The drowning was considered an accident, or at least not a homicide, and I was sure that the latter was true. I'd seen the whole thing not forty feet away, and I knew no other person was involved. Even so, I told the police what I had read in Parrinder. They were not from Ibadan and hadn't known about the annual sacrifice but were interested, and took Parrinder's information seriously. But they said that if the death was a sacrifice, it must have been a voluntary self-sacrifice, perhaps through the action of a crocodile, because at least one crocodile lived in the lake. The police also decided that the lake should be fenced off.

The fence went up, a massive construction, but I never learned if it was effective. By the following Easter, Nigeria was in a state of anarchy and was about to erupt into civil war. It was this that ended my conversations with the chief priest, which was unfortunate—not that he would have offered any insight, necessarily, as any spiritual matter above the fact that water has life was not what he cared to discuss. Yet few things would have been more informative than inquiry into the Easter Monday drowning. Human sacrifice was certainly traditional, but for Christians? Did Jesus inspire the custom? Jesus is said to have accepted his role, as did the man in the lake, evidently, so was the Christian story deeper, more real, and more immediate to Yoruba believers than it is to western believers? Millions of Christians in the western world and elsewhere ardently believe in Christ's sacrifice, but none of them offer themselves in a similar manner. Nigerians did, or so it seemed, and had done so for years, according to Parrinder. But with all that was happening between that Easter and the next, I had no hope of exploring the issue.

 

Before the election, I didn't see much campaigning as we in America know it, except that now and then a passing truck with a loudspeaker would remind the public to vote.
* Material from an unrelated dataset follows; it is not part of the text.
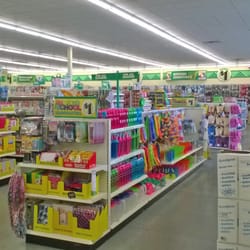 Dollar Tree - Clean organized interior.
After all, the political parties, not the candidates, were at issue, and the likelihood of persuading a voter to change parties was almost zero. Best just to get them to the polls. And people seemed eager to get to the polls, even though most assumed that the election would be rigged. I attended several sessions of the regional legislature, and during one of them a legislator leaned over to Chief Akintola, the premier of the Western Region, and said ferociously, “If you rig this election I will kill you.”

The assumption that rigging would take place brought voters to the polls in large numbers, but to no avail, as the election was evidently rigged successfully and plenty of thought had gone into the effort. For instance, an important political figure whose surname was Fani-Kayode—also known as “Fani-Power”—was said to have dressed as a nun and transported a coffin filled with illegal ballots in a hearse. The story was generally believed but not confirmed. Fani-Kayode granted Steve an interview, so Steve might have asked, but in the end he decided not to. Nonetheless, so many people did believe it that rumors of Fani-Kayode's death began to circulate. This confused the American embassy. “Fani dead, Kayode safe,” they reported in a written message, evidently unaware that Fani and Kayode were one person.

 

Despite the extensive, widely recognized rigging, the election itself was quiet enough. As I remember, I barely noticed it, although Steve certainly did. For a day or two after the results were announced, nothing happened. Few people had access to a newspaper or the radio, and it took time for word to spread. But when it did, the region erupted. People began killing each other and setting fire to cars and houses.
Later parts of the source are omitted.